# May I brag about my rescue puppy, pls?



## Sparkles123 (Dec 3, 2012)

Carlie is a Westie that was a rescue thru the Internet. A lovely lady who rescues rotties had the mom and puppies, which the breeder had 'given up'...Carlie was 10 weeks old, just spayed and microchipped and had the appropriate shots and deworming. We fell in love with her instantly. Our 5 yr old Westie accepted her immediately and helped big time with all aspects of training. Carlie never chewed on us, she never touched anything to play or chew except her 'stuff'. She does everything that we ask of her, she gets lots of treats for every good thing she does and is now a well, behaved, housebroken, 6 months old.

We feel so lucky to have found her!

Thanks for letting me brag!:wave::wave:

Now if I could only figure out why my pix upload upside down.....


----------



## Tylerthegiant (Apr 5, 2013)

They are super cute even upside down! Sounds like you are one of the lucky ones that adopted a Disney dog! I know they're out there, but my adoptees all had issues. She sounds wonderful!


----------



## Theckler60 (Apr 7, 2013)

I'm happy about your finding a sweet rescue. Very handsome dogs, by the way!!


----------



## packetsmom (Mar 21, 2013)

I think a rescue brag is always welcome!  And I have a soft spot for rotties, too. A breed with such an unearned bad reputation and so sweet and cuddly when properly socialized and trained.


----------



## Sparkles123 (Dec 3, 2012)

My rescue is a Westie...the rescue lady works with a rottie rescue group in Orange County. She is wonderful!
We take our puppy back to her for boarding sometimes, so she has seen the progress and is quite impressed!
In my younger years I trained dobies in obedience....loved them, I took one of them all the way to UD (utility dog)
He was a rescue as well with floppy ears! Now I just want well behaved pets to kayak with and play in the golf cart!


----------



## packetsmom (Mar 21, 2013)

I don't know how I missed that in the original post! 
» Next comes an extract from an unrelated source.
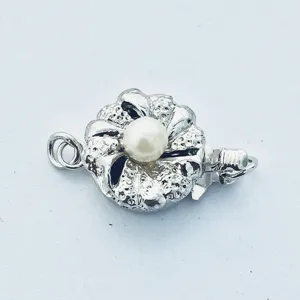Gold-plated copper pearl necklace clasp, court style jewelry accessory for DIY bracelets.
I'm so glad that she's found such a perfect home and is doing so well!


----------



## Sparkles123 (Dec 3, 2012)

Thanks for letting me brag!


----------



## Vicky88 (Jan 29, 2012)

I'm glad you found her and gave her a home. She sounds lovely.


----------



## Sparkles123 (Dec 3, 2012)

Ok...I will
I decided to add hand signals yesterday...she is so treat oriented, it took her all about five min to get the down signal perfected....she's super smart. Today, I just had to lift my hand and down she went every time, treat or no treat....pretty cool!


----------



## CptJack (Jun 3, 2012)

Sparkles123 said:


> Ok...I will
> I decided to add hand signals yesterday...she is so treat oriented, it took her all about five min to get the down signal perfected....she's super smart. Today, I just had to lift my hand and down she went every time, treat or no treat....pretty cool!
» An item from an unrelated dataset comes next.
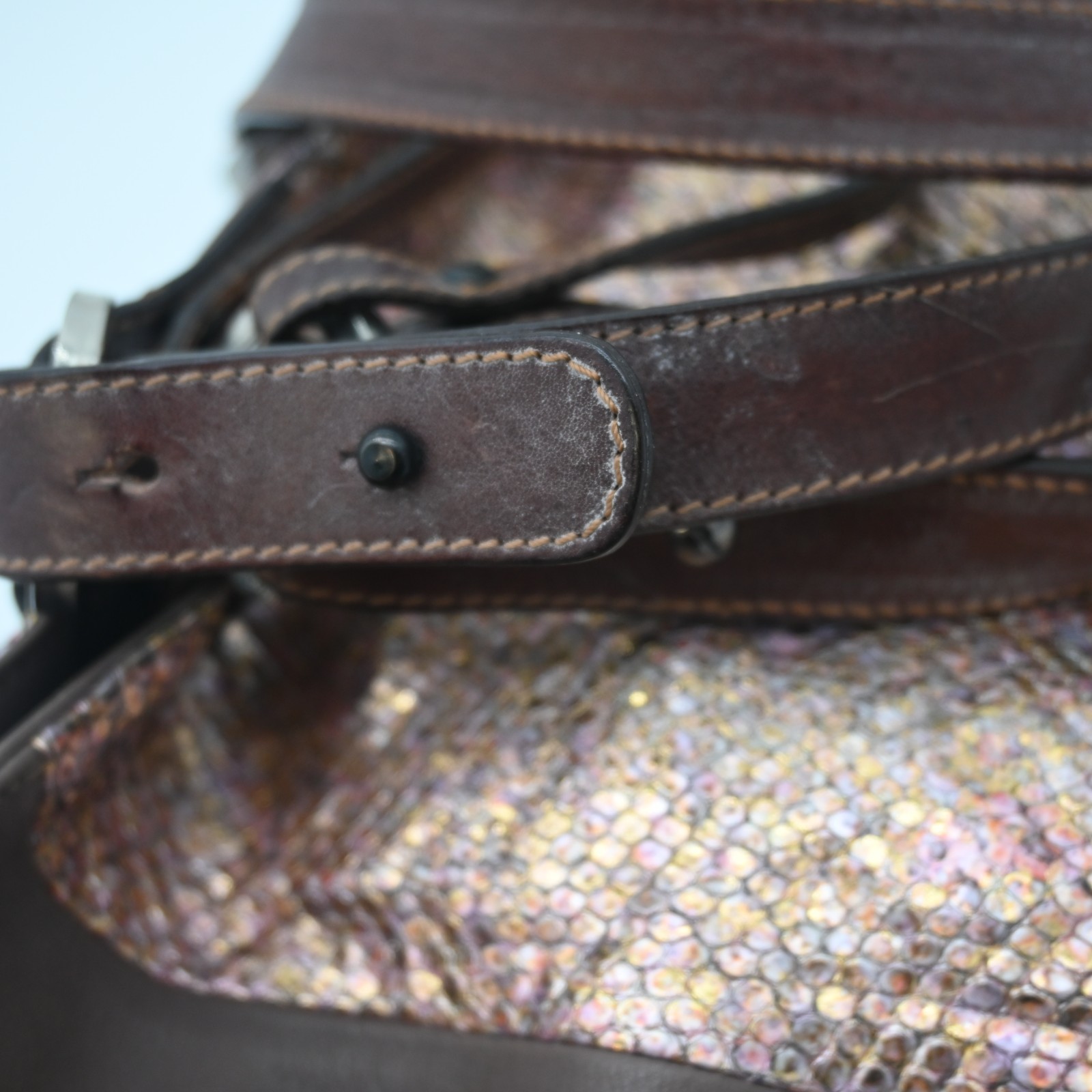 Pauric Sweeney Brown Metallic Python Leather Shou… - image 19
Dogs, in general, pick up hand signals SO MUCH FASTER than words. I don't even bother adding words to some random commands, anymore, and working with a deaf dog means I'm working with signals the vast majority of the time, anyway. 

What a smart girl, though! That's a FAST pick up!


----------



## Abbylynn (Jul 7, 2011)

Smart puppy!  We also need more photos!


----------